Task objective: From the line with "Smiling Woman with" through the line with "Portrait of young", repeat the entries verbatim, both end lines included, and add nothing.

###

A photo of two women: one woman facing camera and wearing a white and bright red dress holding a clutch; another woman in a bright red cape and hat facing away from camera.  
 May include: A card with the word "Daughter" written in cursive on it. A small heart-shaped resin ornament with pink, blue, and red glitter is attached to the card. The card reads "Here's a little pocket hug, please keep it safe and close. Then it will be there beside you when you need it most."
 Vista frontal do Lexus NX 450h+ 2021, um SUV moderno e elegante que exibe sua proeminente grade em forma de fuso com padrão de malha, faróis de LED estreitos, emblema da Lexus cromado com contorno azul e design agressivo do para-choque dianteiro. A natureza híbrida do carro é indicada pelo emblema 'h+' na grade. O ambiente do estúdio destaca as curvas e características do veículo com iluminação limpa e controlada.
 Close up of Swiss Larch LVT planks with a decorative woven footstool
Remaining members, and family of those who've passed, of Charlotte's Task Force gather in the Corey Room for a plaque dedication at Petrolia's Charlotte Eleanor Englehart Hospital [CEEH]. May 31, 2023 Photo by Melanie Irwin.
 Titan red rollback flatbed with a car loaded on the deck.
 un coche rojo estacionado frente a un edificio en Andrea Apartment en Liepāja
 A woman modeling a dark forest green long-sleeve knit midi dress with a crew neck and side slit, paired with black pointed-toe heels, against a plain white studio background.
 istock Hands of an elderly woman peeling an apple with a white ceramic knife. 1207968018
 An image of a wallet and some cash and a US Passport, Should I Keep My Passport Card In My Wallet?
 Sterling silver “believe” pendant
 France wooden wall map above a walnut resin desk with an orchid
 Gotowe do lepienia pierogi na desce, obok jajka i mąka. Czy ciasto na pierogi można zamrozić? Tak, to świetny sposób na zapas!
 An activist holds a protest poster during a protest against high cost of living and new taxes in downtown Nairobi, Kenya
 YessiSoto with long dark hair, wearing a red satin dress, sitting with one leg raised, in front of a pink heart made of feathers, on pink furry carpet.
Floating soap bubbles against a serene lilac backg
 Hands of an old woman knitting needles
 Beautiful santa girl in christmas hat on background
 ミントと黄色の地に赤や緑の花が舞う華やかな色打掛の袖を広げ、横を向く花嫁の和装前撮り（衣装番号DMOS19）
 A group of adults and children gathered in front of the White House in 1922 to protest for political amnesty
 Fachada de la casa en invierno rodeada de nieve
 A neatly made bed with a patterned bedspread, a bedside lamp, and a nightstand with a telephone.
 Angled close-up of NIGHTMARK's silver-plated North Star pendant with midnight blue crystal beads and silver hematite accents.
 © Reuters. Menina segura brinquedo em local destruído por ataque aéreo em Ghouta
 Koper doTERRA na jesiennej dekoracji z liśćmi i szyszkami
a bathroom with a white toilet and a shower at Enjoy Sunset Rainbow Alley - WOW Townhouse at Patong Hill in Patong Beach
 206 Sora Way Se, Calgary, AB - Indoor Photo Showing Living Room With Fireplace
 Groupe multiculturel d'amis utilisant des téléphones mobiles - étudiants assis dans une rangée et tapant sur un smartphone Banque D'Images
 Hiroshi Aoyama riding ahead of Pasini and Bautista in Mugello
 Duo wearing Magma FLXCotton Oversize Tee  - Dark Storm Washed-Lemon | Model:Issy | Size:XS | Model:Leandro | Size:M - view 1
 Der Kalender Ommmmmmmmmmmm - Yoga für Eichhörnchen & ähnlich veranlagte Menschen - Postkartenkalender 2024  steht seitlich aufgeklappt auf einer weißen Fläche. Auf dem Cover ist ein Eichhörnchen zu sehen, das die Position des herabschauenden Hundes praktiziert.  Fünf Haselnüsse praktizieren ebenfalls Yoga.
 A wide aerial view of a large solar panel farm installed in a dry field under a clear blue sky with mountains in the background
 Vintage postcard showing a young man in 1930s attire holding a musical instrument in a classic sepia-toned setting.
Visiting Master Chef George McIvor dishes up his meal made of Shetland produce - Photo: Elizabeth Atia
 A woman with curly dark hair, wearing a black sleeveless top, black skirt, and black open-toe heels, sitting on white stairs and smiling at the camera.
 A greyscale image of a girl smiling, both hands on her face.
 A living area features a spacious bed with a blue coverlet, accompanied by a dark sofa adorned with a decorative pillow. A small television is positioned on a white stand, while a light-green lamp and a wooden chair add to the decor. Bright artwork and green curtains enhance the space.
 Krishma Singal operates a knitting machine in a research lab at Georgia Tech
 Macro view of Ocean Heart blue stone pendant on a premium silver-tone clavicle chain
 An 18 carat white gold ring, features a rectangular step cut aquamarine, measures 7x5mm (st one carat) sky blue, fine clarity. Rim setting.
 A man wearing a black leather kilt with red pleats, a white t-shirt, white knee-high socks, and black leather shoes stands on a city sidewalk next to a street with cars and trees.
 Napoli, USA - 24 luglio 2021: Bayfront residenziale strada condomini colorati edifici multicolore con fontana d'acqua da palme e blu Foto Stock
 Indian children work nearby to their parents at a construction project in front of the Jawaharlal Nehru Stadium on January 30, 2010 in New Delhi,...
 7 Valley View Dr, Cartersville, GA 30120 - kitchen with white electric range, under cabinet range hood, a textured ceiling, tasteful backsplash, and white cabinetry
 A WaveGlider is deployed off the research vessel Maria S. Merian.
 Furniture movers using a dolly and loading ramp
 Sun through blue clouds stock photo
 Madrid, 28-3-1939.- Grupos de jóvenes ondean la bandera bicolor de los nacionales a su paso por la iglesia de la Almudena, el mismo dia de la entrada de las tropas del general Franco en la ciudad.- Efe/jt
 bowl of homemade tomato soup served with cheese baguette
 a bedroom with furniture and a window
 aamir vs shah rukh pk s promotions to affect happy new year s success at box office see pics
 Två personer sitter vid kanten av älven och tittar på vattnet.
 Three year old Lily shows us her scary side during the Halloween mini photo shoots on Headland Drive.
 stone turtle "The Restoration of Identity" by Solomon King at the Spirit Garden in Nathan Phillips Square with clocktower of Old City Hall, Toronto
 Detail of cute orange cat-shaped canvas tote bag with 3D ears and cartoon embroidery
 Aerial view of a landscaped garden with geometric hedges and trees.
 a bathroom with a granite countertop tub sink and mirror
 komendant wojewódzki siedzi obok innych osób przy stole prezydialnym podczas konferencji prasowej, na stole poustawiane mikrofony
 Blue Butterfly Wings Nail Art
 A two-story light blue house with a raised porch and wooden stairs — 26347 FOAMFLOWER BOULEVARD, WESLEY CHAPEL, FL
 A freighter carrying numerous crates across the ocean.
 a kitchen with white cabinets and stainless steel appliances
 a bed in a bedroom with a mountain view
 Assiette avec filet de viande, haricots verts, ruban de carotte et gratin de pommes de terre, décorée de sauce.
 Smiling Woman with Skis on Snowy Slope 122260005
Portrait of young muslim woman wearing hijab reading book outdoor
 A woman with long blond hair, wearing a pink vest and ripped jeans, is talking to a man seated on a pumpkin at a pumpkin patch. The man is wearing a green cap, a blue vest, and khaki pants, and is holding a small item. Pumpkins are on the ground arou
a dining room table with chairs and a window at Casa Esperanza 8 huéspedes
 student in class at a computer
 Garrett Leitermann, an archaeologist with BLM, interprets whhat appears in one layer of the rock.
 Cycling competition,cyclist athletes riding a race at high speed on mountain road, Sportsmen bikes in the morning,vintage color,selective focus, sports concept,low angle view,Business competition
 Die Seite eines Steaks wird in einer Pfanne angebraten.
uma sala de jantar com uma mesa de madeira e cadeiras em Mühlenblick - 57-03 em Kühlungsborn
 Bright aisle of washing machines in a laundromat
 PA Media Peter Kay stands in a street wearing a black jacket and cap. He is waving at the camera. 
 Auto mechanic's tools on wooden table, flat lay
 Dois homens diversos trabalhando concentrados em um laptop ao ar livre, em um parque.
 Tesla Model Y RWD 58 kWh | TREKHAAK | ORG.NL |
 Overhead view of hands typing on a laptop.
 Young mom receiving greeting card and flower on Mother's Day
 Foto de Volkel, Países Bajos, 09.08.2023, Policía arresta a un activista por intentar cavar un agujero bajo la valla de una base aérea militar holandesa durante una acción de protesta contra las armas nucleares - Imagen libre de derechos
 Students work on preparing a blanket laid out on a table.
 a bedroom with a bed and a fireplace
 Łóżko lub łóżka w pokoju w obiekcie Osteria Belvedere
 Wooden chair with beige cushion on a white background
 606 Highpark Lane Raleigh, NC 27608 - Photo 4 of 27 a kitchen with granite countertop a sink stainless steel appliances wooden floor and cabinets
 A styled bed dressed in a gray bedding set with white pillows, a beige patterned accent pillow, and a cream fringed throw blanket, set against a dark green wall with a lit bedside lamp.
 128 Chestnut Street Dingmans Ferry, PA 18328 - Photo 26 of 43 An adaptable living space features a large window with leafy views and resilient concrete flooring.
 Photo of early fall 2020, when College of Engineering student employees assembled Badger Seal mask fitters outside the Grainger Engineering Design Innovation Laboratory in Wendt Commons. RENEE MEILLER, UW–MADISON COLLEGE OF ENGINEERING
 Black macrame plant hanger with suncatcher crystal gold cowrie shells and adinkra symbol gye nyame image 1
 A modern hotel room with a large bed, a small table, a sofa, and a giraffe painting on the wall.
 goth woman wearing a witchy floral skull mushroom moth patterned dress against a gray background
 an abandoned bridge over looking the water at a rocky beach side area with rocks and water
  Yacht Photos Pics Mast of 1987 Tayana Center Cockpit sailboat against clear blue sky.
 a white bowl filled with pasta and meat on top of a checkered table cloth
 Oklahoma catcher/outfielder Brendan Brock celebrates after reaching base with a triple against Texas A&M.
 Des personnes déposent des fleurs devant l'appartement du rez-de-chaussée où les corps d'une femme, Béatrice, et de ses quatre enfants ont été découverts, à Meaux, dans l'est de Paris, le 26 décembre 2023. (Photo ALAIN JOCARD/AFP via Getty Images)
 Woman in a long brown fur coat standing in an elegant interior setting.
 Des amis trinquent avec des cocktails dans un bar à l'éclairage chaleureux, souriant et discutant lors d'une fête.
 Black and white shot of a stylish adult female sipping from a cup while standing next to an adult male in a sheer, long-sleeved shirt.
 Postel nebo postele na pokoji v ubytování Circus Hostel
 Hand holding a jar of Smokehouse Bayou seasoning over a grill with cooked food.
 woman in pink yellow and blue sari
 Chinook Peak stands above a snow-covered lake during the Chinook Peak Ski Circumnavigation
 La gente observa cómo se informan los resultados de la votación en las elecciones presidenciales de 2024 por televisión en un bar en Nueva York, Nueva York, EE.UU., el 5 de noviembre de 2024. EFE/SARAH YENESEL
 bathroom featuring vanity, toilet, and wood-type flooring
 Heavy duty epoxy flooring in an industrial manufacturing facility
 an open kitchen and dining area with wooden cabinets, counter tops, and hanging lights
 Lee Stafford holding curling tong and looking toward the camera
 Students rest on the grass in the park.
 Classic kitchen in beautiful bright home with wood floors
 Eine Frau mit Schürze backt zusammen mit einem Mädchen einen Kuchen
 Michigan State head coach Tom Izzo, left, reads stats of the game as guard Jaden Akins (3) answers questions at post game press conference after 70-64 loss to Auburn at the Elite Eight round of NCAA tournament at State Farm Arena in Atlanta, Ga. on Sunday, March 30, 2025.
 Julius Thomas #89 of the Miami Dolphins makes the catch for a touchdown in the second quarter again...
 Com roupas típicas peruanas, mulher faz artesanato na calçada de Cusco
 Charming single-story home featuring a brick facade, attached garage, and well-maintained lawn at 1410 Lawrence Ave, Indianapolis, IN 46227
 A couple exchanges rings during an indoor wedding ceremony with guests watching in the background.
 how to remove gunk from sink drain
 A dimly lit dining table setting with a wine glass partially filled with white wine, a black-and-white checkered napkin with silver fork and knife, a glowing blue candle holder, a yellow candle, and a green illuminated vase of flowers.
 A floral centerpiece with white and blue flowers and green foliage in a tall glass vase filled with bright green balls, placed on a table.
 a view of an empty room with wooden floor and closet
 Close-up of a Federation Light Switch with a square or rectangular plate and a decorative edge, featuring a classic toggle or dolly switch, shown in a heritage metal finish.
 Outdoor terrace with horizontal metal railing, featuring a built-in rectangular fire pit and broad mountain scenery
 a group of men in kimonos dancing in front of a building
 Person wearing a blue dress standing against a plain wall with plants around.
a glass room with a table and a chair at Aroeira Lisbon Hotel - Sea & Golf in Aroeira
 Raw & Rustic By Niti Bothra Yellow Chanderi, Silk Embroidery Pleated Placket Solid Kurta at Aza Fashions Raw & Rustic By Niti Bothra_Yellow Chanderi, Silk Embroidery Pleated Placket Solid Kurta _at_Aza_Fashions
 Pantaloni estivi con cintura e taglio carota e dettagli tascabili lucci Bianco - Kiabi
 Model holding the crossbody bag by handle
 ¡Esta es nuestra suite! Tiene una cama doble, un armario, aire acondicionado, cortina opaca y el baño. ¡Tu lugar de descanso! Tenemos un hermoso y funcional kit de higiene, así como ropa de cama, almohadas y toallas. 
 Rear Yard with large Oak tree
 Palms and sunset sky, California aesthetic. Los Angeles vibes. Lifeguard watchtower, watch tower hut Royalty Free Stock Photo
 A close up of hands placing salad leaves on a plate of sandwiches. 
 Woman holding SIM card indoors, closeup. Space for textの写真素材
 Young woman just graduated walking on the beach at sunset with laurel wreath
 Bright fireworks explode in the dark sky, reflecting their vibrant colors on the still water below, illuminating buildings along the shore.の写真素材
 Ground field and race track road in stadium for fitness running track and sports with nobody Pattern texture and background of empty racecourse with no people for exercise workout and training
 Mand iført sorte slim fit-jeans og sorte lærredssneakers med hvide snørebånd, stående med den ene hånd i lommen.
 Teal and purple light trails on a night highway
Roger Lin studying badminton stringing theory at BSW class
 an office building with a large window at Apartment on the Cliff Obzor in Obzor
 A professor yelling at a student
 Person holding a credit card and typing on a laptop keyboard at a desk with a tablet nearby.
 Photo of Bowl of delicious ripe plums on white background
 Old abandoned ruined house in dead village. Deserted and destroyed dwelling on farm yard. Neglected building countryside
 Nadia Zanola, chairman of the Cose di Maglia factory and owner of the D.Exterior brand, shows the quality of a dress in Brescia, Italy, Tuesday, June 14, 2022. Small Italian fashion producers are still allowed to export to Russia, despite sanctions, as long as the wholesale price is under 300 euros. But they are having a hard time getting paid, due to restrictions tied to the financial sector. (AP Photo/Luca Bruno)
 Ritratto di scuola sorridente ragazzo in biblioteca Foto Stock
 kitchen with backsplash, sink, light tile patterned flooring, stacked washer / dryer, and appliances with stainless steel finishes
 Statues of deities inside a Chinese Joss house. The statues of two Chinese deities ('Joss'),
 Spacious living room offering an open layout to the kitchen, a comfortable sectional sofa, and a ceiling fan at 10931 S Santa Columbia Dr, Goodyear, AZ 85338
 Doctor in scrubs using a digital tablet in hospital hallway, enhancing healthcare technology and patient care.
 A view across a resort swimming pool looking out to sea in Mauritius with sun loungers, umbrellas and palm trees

###

Answer to this problem:
 Smiling Woman with Skis on Snowy Slope 122260005
Portrait of young muslim woman wearing hijab reading book outdoor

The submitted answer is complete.